When in the past marshland has been drained for farming, this has reduced the number of mosquitoes, and thus the rate of incidence of malaria. However, this does have a large environmental cost, due to species which have then lost their habitats. A method of separation without environmental damage is even easier- installing glass into windows. Mosquito nets are another very easy, very effective method.

Insecticides are a popular method of eradication of malaria. However, this is not a sensible method in most areas, because the effected areas are massive, and thus the insecticide needed would be massively expensive and infeasible to deliver. Delivery to small, localised waters is feasible, and could be done easily.
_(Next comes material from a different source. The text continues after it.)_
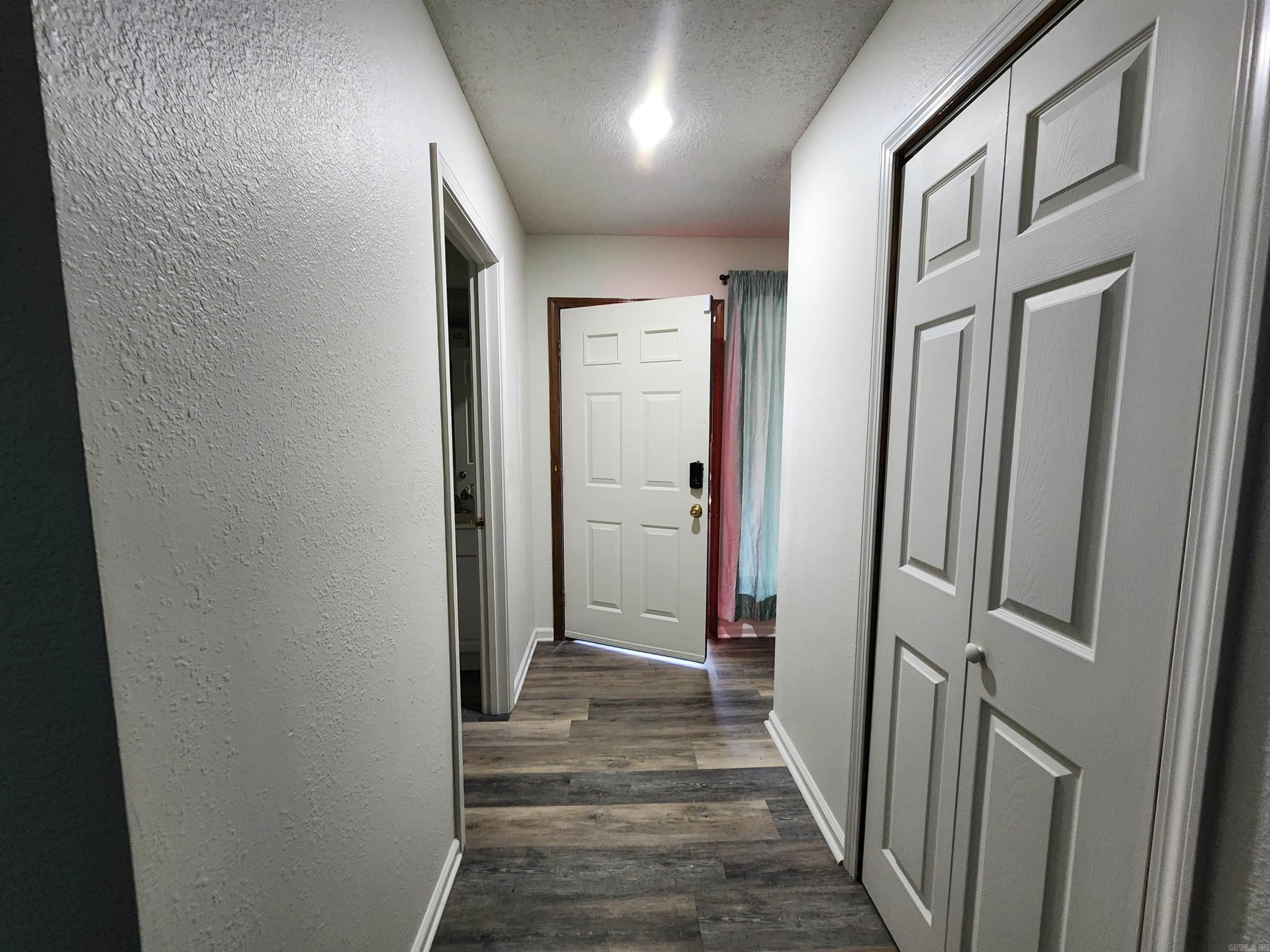 SHADOW RIDGE VILLAS - Residential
Drugs to prevent malaria can be taken before and throughout visiting a country where malaria is endemic. The best known sorts are based of quinine. Quinine has been used by native American peoples in Bolivaria and Peru using natural bark from a Cinchona tree to treat malaria before scientists researched its use properly. The bark of the tree was then transferred back to imperialist powers which found the native peoples from the sixteenth century on-wards.

Quinine derivatives have since had to be added, thanks to the increasing incidence of strains resistant to quinine. Some are even more effective than quinine was originally. Chloroquinine is one of these. In a red blood cell, the merozite digests the haemoglobin, and uses amino acids from it in order to grow. The haem group left is normally toxic, but Plasmodium neutralise it by converting it into another chemical, haemozoin. Chloroquinine interferes with this conversion.The haem then builds up and kills of the merozites itself.

Other drugs target enzymes involved in Plasmodium DNA replication and growth. Artemisinins are a new class of drugs discovered from research based on Chinese traditional medicine for malaria. It is unknown how artmesinins work, but they have been used for over 2,000 years to cure malaria.

These methods could help save many lives from the disease in the tropics. The main limiting factors seem to be extreme poverty, a lack of infrastructure for distribution, poor governance, and disturbances, as well as any other number of human failures to develop nations evenly worldwide.